Une vente controversée de masques hopis à Paris

La collection présentée par la maison d’enchères Ève à l’Hôtel Drouot, à Paris
Photo: Thomas Samson Agence France-Presse La collection présentée par la maison d’enchères Ève à l’Hôtel Drouot, à Paris

Une vente de masques amérindiens prévue lundi à Paris suscite de nouveau l’émoi des indiens hopis, soutenus par les États-Unis qui demandent le retrait de ces lots considérés comme sacrés par cette tribu.

La maison d’enchères Ève organise à l’Hôtel Drouot une nouvelle vente d’art amérindien, inuit et précolombien (270 lots au total) qui comprend vingt-cinq masques hopis ainsi que huit masques navajos. C’est la quatrième fois depuis 2013 qu’une vente d’art amérindien de cette société est contestée par les Hopis, qui n’ont jamais eu gain de cause jusqu’à présent.

Le Conseil des ventes volontaires (CVV), autorité de régulation des enchères, «a considéré jeudi que cette vente était légale», a indiqué dimanche à l’AFP Alain Leroy, le commissaire-priseur d’Eve Enchères. Le CVV avait émis la même analyse les fois précédentes.

Le CVV avait été saisi mardi par l’association américaine Holocaust Art Restitution Project (HARP) qui s’occupe principalement de la restitution des objets d’art volés aux juifs par les nazis.

De leur côté, les Hopis et l’association de défense des peuples aborigènes Survival International ont annoncé vendredi avoir engagé une procédure judiciaire pour obtenir l’identité des vendeurs et acquéreurs des masques mis en vente lundi.

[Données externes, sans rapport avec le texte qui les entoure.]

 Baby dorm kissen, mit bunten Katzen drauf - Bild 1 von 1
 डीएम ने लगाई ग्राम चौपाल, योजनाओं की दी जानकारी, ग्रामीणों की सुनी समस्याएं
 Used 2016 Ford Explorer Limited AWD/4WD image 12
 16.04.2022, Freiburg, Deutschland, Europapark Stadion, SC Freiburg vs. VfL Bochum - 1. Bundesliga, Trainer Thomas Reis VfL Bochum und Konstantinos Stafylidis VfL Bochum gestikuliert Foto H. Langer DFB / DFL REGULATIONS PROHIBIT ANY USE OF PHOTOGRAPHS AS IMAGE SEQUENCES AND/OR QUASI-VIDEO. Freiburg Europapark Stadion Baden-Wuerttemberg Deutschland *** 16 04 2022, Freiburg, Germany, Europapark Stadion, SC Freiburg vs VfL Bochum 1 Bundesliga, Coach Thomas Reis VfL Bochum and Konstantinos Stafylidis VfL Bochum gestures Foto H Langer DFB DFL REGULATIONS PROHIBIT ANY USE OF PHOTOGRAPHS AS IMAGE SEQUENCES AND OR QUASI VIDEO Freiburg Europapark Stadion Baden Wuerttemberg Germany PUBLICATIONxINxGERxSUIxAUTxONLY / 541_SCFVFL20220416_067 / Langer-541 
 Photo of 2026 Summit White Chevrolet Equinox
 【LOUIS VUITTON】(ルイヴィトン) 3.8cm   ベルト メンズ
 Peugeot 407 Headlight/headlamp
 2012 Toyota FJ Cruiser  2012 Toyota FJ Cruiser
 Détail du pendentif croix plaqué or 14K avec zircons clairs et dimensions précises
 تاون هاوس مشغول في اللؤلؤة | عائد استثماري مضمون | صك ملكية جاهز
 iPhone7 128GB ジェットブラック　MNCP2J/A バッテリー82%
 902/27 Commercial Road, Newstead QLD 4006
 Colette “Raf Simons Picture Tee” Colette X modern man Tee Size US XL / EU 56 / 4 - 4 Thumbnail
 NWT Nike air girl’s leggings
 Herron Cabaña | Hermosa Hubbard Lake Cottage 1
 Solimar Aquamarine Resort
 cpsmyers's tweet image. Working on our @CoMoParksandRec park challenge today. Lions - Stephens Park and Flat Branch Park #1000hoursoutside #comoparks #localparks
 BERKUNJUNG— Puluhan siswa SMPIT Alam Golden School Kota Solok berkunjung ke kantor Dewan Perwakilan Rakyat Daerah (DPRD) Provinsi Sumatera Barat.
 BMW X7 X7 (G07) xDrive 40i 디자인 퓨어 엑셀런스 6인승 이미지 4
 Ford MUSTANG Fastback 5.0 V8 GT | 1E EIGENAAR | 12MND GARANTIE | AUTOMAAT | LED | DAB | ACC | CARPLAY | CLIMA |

Simultanément, l’ambassade des États-Unis en France a demandé «le retrait temporaire de la vente des objets susceptibles d’être des biens culturels hopis et navajos à caractère sacré afin de laisser aux représentants de ces nations le temps d’expertiser leur nature et leur provenance, et d’envisager les recours possibles pour leur restitution».

Les masques navajos sont également considérés comme sacrés par leur tribu.